There is also an improvement on the softirq side for io_uring
notifications as io_req_local_work_add() doesn't trigger wake_up()
as often. System wide profiles show reduction of cycles taken
by io_req_local_work_add() from 3% -> 0.5%, which is mostly not
reflected in the numbers above as it was firing off of a different
CPU.

v2: Remove atomics decrements by the queueing side and instead carry
    all the info in requests.
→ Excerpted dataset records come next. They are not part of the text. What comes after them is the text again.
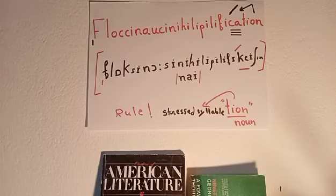Floccinaucinihilipilification. The American way is floccinaucinihilipilification, and the British pronunciation is floccinaucinihilipilification. It also has a secondary stress at the very beginning — 'floc' — which we call secondary stress, a little weaker and lighter than the primary stress.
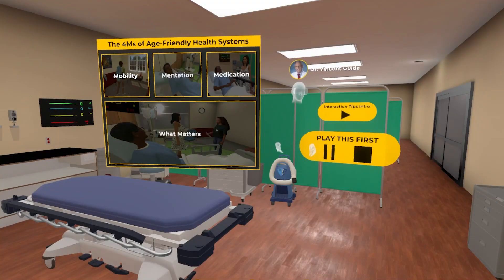You are about to embark on a self-guided healthcare journey of an elderly woman named Millie. The scenario will take place at various stages of her journey, which we hope will illustrate the 4M framework for you.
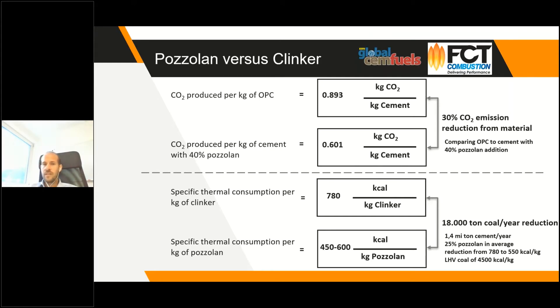There is also a reduction in CO2 from combustion because the specific energy consumption to produce pozzolan is much lower than for clinker, so we also use less fuel for the same amount of material produced. Additionally, there is a fuel cost benefit. Considering a plant producing 1.4 million tons of cement per year with an average 25 percent pozzolan substitution, we would reduce around 18,000 tons of coal per year compared to clinker production. Both the CO2 and fuel cost benefits are very significant.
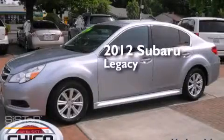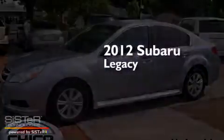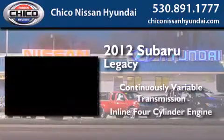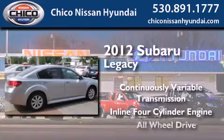This is a 2012 Subaru Legacy. This car has a continuously variable transmission, an inline four-cylinder engine, and all-wheel drive.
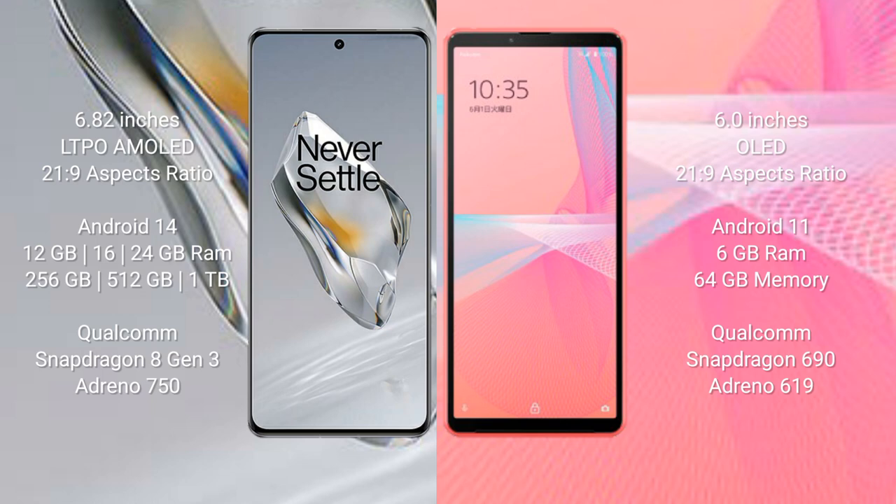The OnePlus 12 runs on the Android 14 operating system, while the Sony Xperia 10 Mark 3 Light runs on the Android 11 operating system. The OnePlus 12 comes with 12 GB, 16 GB, or 24 GB RAM and 256 GB, 512 GB, or 1 TB internal storage.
It's definitely simpler and removes extra
    atomics, the downside is touching the previous request, which might
    be not cached.

    Add a couple of patches from backlog optimising and cleaning
    io_req_local_work_add().

Pavel Begunkov (8):
  io_uring: move pinning out of io_req_local_work_add
  io_uring: optimie local tw add ctx pinning
  io_uring: refactor __io_cq_unlock_post_flush()
  io_uring: add tw add flags
  io_uring: inline llist_add()
  io_uring: reduce scheduling due to tw
  io_uring: refactor __io_cq_unlock_post_flush()
  io_uring: optimise io_req_local_work_add

 include/linux/io_uring_types.h |   3 +-
 io_uring/io_uring.c            | 131 ++++++++++++++++++++++-----------
 io_uring/io_uring.h            |  29 +++++---
 io_uring/notif.c               |   2 +-
 io_uring/notif.h               |   2 +-
 io_uring/rw.c                  |   2 +-
 6 files changed, 110 insertions(+), 59 deletions(-)